Directions for this task:
For the data below, restate word for word only the lines from the line containing "And then similarly, we" through the line containing "Rename the function", both ends included.

Source records
◇ ◇ ◇ ◇ ◇ ◇ ◇
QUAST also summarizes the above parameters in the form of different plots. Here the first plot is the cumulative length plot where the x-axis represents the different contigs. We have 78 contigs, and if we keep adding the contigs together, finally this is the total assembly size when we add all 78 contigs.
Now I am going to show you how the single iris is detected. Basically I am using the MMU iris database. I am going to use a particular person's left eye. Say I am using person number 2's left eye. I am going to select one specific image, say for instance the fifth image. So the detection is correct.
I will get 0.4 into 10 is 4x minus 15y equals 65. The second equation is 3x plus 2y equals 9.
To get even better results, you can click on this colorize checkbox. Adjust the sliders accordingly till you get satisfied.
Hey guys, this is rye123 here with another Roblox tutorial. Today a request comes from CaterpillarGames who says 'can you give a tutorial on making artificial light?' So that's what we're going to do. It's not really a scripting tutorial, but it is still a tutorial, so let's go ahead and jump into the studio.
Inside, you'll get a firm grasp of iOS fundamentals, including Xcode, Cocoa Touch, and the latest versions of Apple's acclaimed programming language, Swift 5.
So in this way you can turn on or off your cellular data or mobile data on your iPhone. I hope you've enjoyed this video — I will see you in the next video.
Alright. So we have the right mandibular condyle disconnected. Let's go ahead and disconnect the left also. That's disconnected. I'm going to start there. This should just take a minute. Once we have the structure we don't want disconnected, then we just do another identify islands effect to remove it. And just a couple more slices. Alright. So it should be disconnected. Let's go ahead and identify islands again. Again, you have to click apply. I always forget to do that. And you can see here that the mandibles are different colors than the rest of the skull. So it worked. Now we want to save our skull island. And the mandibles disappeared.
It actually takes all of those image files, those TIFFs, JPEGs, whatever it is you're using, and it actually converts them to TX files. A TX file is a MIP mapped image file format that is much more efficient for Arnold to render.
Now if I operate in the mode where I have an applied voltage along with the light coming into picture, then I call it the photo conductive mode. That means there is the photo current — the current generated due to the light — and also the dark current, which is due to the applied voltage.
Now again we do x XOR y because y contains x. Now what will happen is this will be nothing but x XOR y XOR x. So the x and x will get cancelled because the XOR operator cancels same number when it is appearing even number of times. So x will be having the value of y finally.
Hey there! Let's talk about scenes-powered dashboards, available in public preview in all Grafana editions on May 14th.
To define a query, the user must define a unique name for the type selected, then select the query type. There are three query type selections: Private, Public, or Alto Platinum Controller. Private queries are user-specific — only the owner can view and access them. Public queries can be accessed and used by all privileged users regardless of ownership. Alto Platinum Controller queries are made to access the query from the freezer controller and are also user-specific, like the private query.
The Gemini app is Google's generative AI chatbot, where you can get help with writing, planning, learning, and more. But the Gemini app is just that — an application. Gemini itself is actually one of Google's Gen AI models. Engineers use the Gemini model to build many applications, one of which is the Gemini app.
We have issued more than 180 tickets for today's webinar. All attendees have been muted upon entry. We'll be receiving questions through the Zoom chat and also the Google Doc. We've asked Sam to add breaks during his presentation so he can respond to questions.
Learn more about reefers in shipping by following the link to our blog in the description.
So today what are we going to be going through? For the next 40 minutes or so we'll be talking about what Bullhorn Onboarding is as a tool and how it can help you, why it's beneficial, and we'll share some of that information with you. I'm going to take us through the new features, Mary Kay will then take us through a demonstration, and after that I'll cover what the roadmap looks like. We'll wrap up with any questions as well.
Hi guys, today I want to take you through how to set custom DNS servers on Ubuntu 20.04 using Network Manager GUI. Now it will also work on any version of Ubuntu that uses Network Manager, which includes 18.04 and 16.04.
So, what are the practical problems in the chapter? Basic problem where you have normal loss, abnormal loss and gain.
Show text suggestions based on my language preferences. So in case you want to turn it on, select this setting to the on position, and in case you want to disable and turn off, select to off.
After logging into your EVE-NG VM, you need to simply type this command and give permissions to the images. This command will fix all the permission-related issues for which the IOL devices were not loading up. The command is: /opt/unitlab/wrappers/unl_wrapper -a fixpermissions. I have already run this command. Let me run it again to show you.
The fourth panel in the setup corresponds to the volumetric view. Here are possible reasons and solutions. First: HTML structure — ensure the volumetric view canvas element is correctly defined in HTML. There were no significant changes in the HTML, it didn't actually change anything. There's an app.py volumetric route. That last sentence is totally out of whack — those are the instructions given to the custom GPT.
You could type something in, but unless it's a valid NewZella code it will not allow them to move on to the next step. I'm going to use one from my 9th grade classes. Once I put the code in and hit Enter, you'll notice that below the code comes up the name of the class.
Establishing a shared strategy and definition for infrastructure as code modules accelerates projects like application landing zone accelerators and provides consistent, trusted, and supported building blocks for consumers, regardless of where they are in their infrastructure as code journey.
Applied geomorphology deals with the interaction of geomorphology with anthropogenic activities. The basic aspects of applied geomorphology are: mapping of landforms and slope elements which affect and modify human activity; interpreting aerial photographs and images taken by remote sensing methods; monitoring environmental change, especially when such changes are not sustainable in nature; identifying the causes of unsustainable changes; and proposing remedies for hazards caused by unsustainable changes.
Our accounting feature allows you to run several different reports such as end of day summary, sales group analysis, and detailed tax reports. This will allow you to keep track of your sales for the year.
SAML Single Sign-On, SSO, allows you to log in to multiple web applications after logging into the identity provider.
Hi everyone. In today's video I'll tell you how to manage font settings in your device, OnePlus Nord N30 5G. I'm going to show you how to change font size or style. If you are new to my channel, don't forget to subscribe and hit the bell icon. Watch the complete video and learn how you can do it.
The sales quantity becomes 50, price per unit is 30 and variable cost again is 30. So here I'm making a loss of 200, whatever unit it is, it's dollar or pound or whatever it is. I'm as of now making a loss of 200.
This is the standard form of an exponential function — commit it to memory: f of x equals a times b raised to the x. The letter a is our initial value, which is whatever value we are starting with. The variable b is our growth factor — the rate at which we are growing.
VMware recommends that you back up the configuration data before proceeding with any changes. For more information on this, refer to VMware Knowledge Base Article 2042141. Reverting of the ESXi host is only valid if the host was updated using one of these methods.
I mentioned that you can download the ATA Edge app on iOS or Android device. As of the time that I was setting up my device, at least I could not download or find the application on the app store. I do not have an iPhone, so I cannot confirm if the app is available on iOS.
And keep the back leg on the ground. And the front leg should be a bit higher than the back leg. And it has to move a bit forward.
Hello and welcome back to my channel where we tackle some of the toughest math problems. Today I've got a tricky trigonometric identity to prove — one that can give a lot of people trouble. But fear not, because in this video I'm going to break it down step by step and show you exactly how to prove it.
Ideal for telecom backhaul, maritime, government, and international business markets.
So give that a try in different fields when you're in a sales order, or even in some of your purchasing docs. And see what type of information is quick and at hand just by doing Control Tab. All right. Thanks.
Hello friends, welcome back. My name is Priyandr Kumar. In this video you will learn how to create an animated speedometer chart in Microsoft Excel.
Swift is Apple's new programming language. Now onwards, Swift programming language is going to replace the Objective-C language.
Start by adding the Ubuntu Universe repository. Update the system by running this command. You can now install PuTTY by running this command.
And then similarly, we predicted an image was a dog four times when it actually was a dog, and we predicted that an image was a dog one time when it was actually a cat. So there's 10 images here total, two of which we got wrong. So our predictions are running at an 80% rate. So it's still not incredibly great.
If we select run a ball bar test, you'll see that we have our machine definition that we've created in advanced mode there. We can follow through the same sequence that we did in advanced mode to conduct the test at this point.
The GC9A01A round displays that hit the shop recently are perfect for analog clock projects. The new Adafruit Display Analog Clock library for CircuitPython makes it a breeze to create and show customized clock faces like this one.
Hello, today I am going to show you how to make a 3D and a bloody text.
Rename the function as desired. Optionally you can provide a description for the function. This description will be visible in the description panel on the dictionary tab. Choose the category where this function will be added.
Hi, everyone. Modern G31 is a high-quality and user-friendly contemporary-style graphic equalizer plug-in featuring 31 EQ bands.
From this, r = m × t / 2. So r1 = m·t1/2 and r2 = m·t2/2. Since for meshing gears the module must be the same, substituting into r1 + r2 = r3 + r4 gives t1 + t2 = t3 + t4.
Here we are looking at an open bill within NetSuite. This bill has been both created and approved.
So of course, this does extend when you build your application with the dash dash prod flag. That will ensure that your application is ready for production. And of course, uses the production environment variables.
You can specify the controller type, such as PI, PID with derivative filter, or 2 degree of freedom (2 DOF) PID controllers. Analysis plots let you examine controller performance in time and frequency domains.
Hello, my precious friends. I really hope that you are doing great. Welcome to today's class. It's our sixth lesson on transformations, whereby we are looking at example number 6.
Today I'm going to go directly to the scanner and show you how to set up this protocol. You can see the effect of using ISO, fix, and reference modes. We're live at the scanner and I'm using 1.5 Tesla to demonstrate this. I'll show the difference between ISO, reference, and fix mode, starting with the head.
◇ ◇ ◇ ◇ ◇ ◇ ◇
Response:
And then similarly, we predicted an image was a dog four times when it actually was a dog, and we predicted that an image was a dog one time when it was actually a cat. So there's 10 images here total, two of which we got wrong. So our predictions are running at an 80% rate. So it's still not incredibly great.
If we select run a ball bar test, you'll see that we have our machine definition that we've created in advanced mode there. We can follow through the same sequence that we did in advanced mode to conduct the test at this point.
The GC9A01A round displays that hit the shop recently are perfect for analog clock projects. The new Adafruit Display Analog Clock library for CircuitPython makes it a breeze to create and show customized clock faces like this one.
Hello, today I am going to show you how to make a 3D and a bloody text.
Rename the function as desired. Optionally you can provide a description for the function. This description will be visible in the description panel on the dictionary tab. Choose the category where this function will be added.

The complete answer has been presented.